# HOW TO COMPLETE THIS TASK:
Among the entries below, find the line with "Tuyển bóng chuyền" and the line with "Kate Spade Victoria". Return exactly those lines and every line between them, but no pictures.

# SUPPLIED MATERIAL:
------------------------------------------------------------
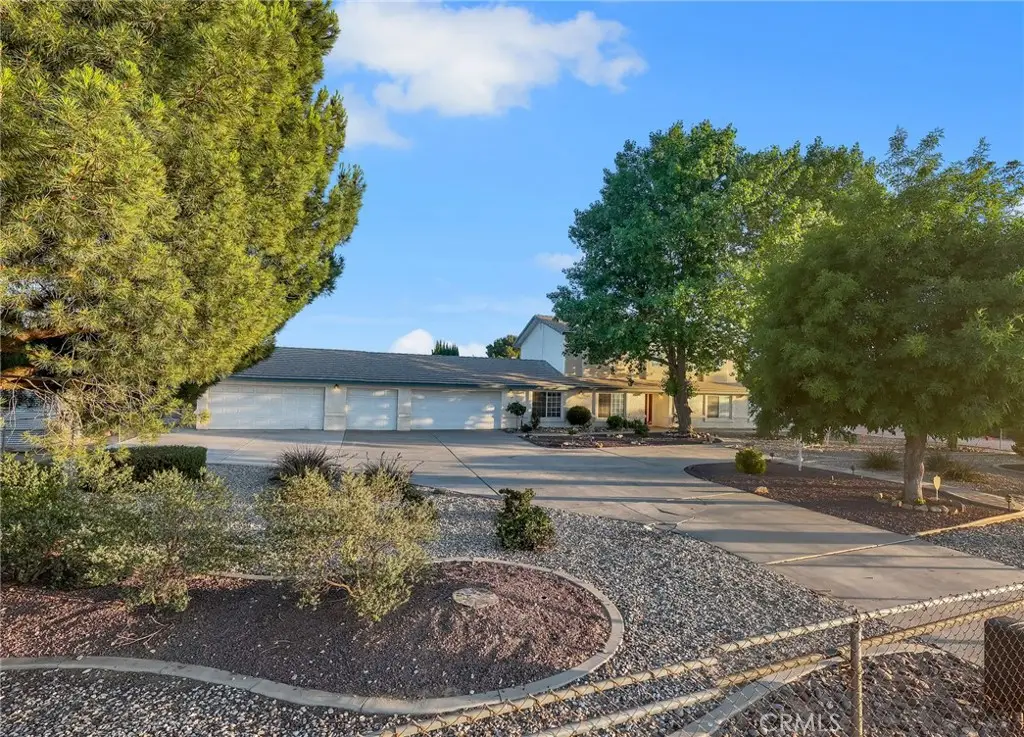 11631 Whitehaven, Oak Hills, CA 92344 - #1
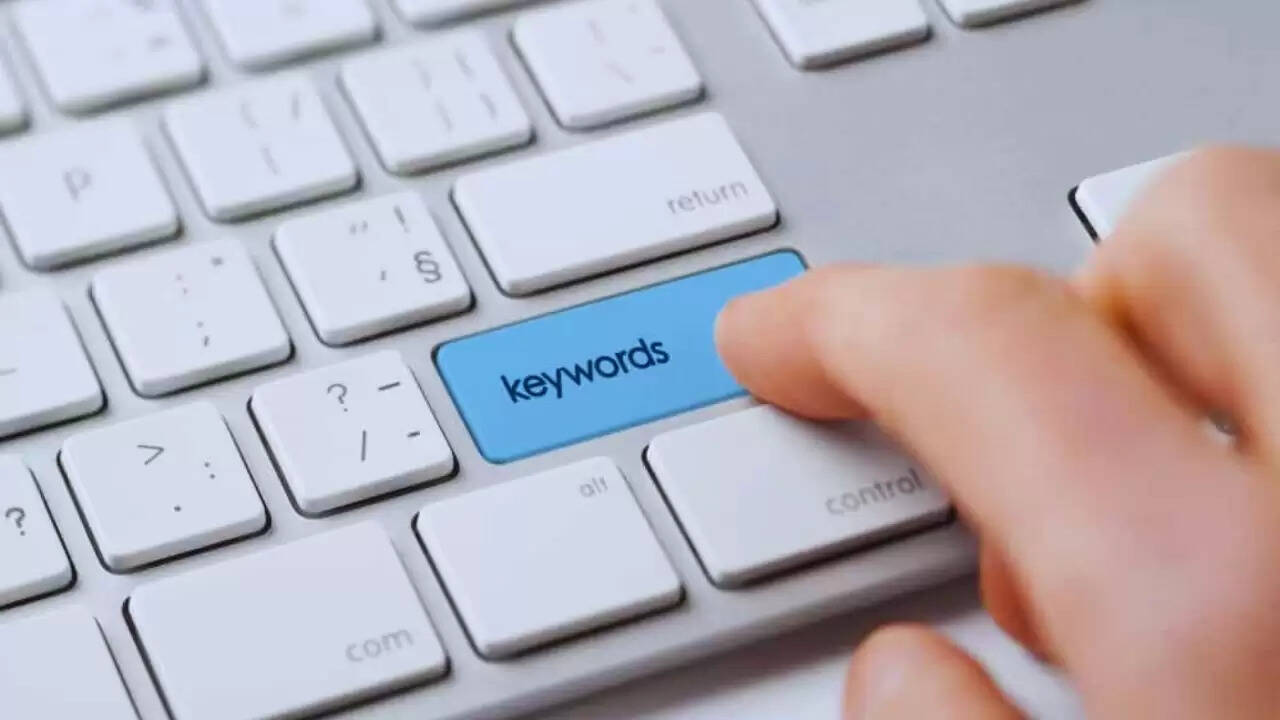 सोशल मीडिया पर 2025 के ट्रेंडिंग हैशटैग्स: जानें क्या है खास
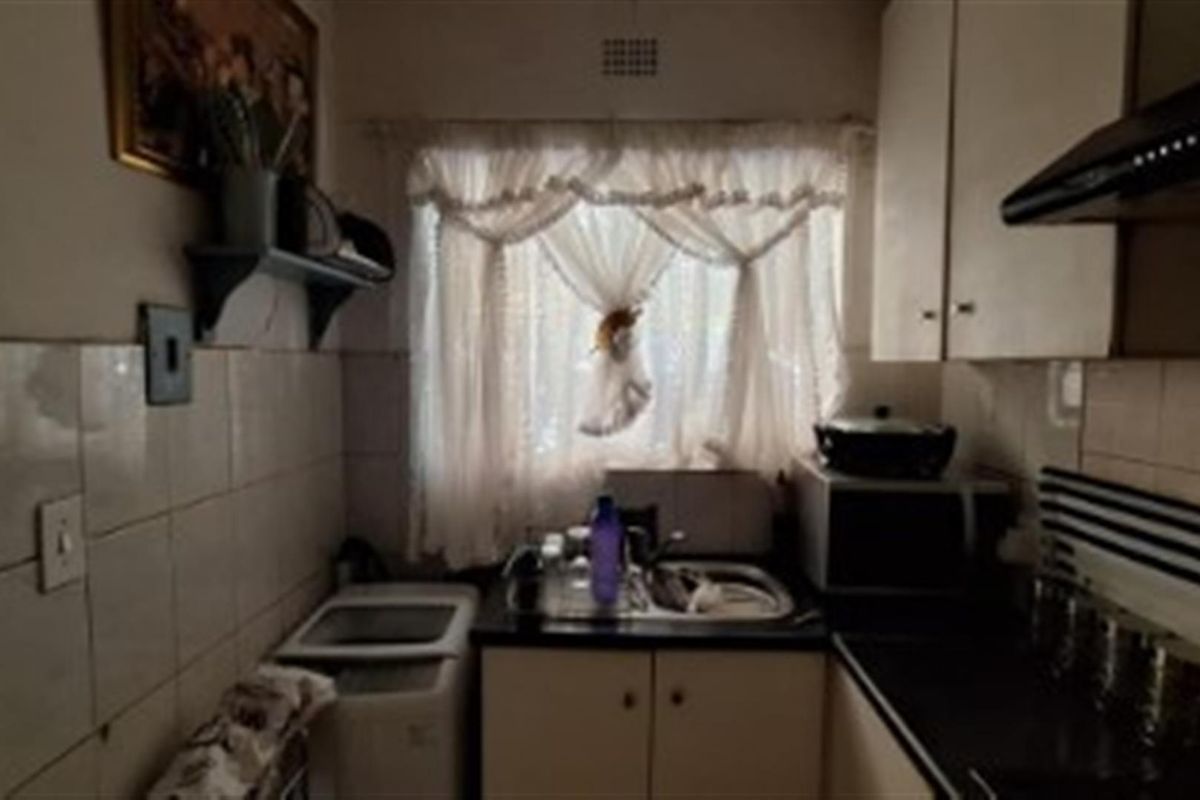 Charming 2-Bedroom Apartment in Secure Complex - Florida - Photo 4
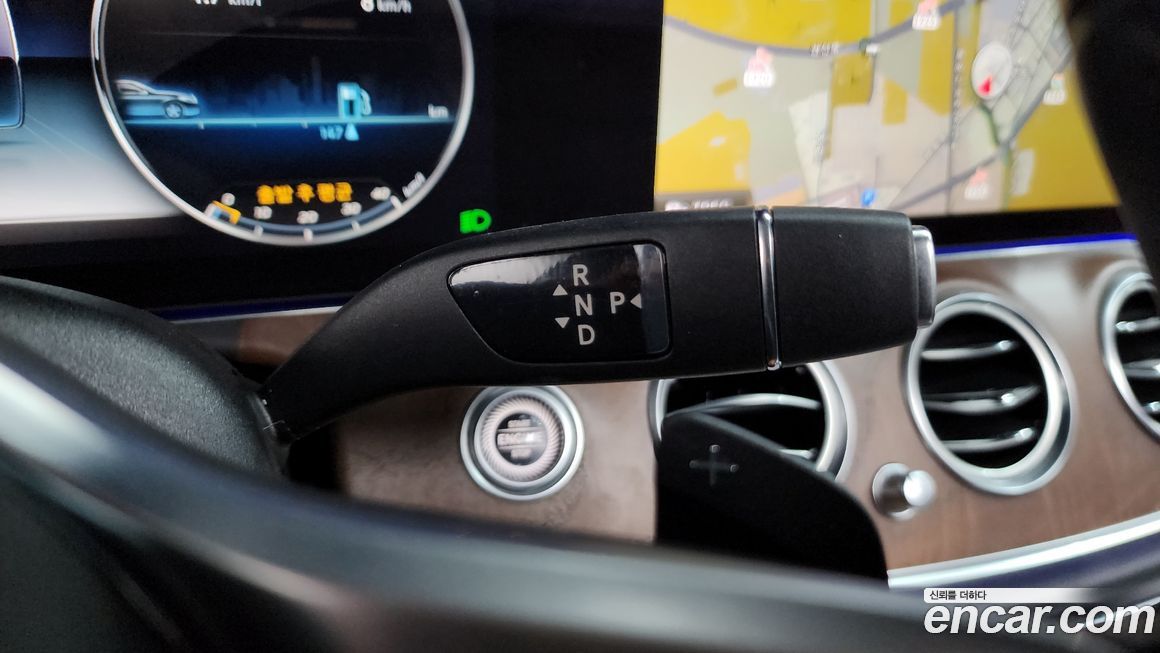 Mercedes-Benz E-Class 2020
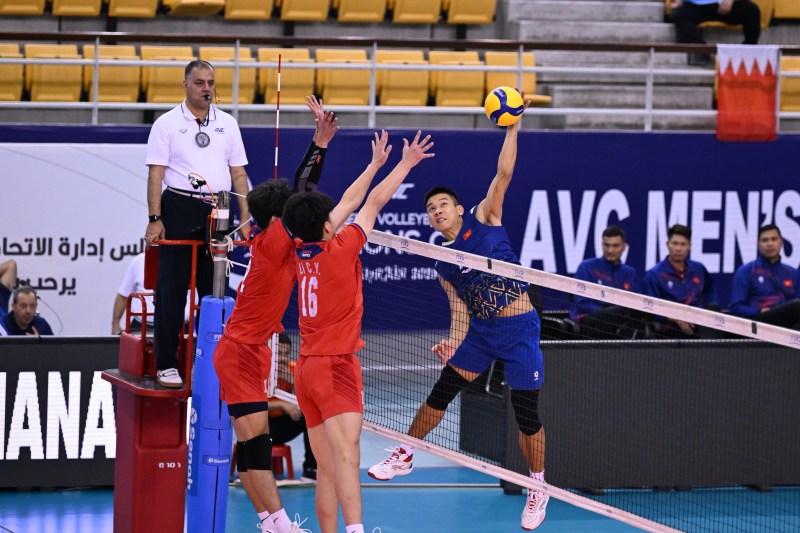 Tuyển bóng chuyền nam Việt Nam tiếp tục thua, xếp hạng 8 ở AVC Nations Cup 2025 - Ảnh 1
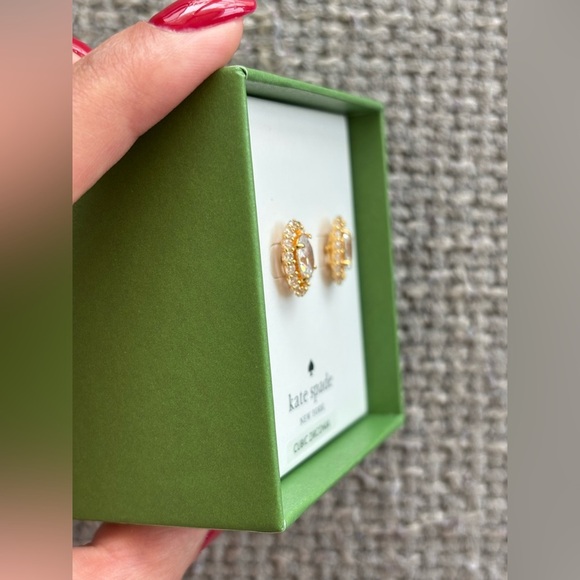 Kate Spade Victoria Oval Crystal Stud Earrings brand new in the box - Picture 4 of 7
------------------------------------------------------------
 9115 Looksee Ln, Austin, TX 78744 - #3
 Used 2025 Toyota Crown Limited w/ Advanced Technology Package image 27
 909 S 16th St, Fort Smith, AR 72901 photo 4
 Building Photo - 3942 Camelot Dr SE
------------------------------------------------------------
# RESPONSE BELOW:
 Tuyển bóng chuyền nam Việt Nam tiếp tục thua, xếp hạng 8 ở AVC Nations Cup 2025 - Ảnh 1
 Kate Spade Victoria Oval Crystal Stud Earrings brand new in the box - Picture 4 of 7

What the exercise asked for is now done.